King of Kanauj
- Reign: 8th century CE
- Predecessor: Āma
- Successor: Bhoja
- Spouse: Padma
- Issue: Bhoja
- Father: Āma
- Mother: ?
- Religion: Jainism

= Dunduka =

Dunduka was a king of the state of Kannauj in North India during the early 8th century CE.

==Early life==
Dunduka was the son and successor of Āma, the king of Kannauj and surrounding areas during the late 8th century CE. Āma, his father, had lost control of Kannauj, and moved to Gopagiri (modern Gwalior). Being under Jain influence, Āma abdicated the throne in favour of Dunduka.

==Reign==
Dunduka was an immoral and cruel person, who was the ruler of a small and reduced territory. He did not take any interest in his royal duties and neglected his queen Padma. He indulged in debauchery and was pleasure-loving. He is described as "immoral" in the Gaudavaho as well. He even made several futile attempts to kill his own son, Bhoja, who was born to Padma. Later, Dunduka was killed by his son Bhoja (not to be confused with Mihira Bhoja), for the throne.

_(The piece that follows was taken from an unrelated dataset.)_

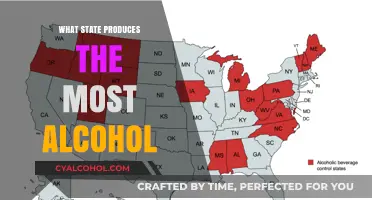 Top Alcohol-Producing State: Unveiling the Leader in Beverage Manufacturing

He is considered as an unsuccessful ruler. Āma, his father, he himself, and his son Bhoja are considered as insignificant rulers, who achieved nothing important and reigned for a brief period of 15-20 years. There is no information about Bhoja's successors.

==Religion==
Dunduka was a follower of Jainism and followed the monk Trivarga.